The pedagogical experiment proves that work with metaphorical maps enriches the learning process as a whole and makes it more dynamic and interactive. Metaphorical maps help foreign students overcome language and psychological barriers, improve their cognitive and communicative abilities, and develop figurative and critical thinking. Visualizing abstract ideas, metaphorical maps contribute to a more effective and durable learning of lexical and grammatical material and help students express their thoughts more vividly and accurately. This is really important for successful speech development.
Discussion
According to Aristotle, metaphor is the basic sense of all living beings, including humans (Aristotle, 1975), and J. Lakoff believed, that metaphor is like the sense of touch (Lakoff, Johnson, 2021: 251). Interpreted as a linguistic conceptualizing and classifying phenomena of reality (Gibbs, 2009; Ghazinoory, Aghaei, 2024), metaphor is a unique didactic tool in language teaching.

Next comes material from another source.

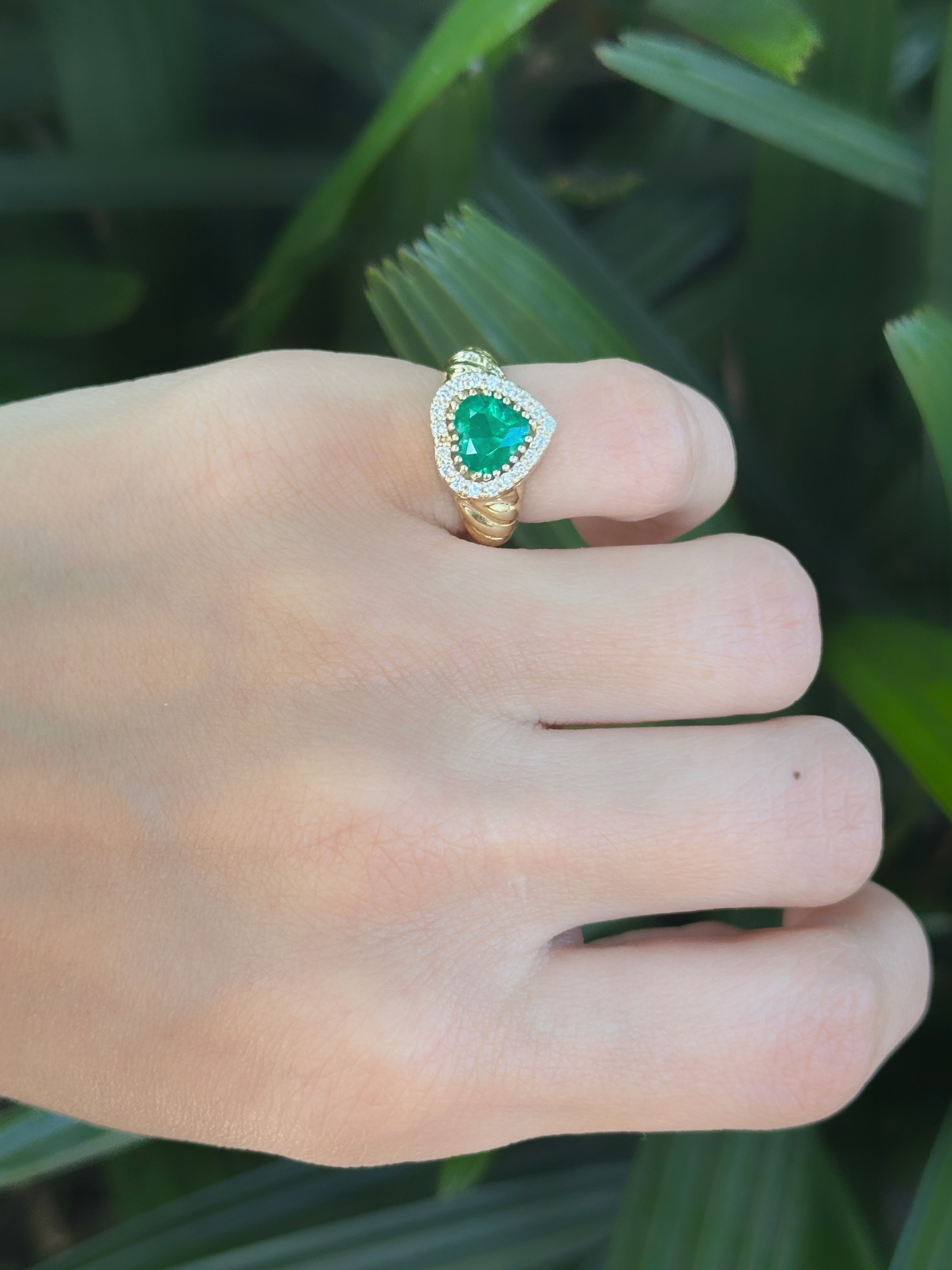 Carolina Pineda Jewelry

The linguistic concepts of metaphor in the actively developing metaphorology (Kurash, 2019) note the fundamental diffuseness of lexical meanings because the exact reflection of reality in human consciousness is impossible. Therefore, metaphor is not a transfer, but a shift of semantics from the background, potential, or peripheral part of meaning to the conceptual part (Shmelev, 1964). Shmelev’s ideas were supported by Kharchenko (Kharchenko, 1992), who put forward the concept of imaginary, playful, reduction of lexical semantics. According to him, metaphor perception and generation actualize both the direct and figurative meanings of a lexeme, which ensures image creation.
Based on the above properties of metaphor, Arutyunova (Arutyunova, 1999) concluded that it is metaphor that is the key property of artistic creativity. The ability to discover distant, from the point of view of ordinary thinking, connections, allows the speaker not only to identify objects, not only to establish similarities between areas perceived by different senses, but also to grasp the commonality between concrete and abstract concepts, matter, and spirit” (Arutyunova, 1999: 374). This mechanism works in all communicative situations.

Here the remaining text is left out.